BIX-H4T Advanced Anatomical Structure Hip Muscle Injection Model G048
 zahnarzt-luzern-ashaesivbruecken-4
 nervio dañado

□ □ □

→ **WHAT THE TASK REQUIRES**
Only one stretch of the data is wanted: the lines from the one with "zahnarzt-luzern-ashaesivbruecken-4" through the last, repeated exactly.

→ **REPLY TO THE EXERCISE**
 zahnarzt-luzern-ashaesivbruecken-4
 nervio dañado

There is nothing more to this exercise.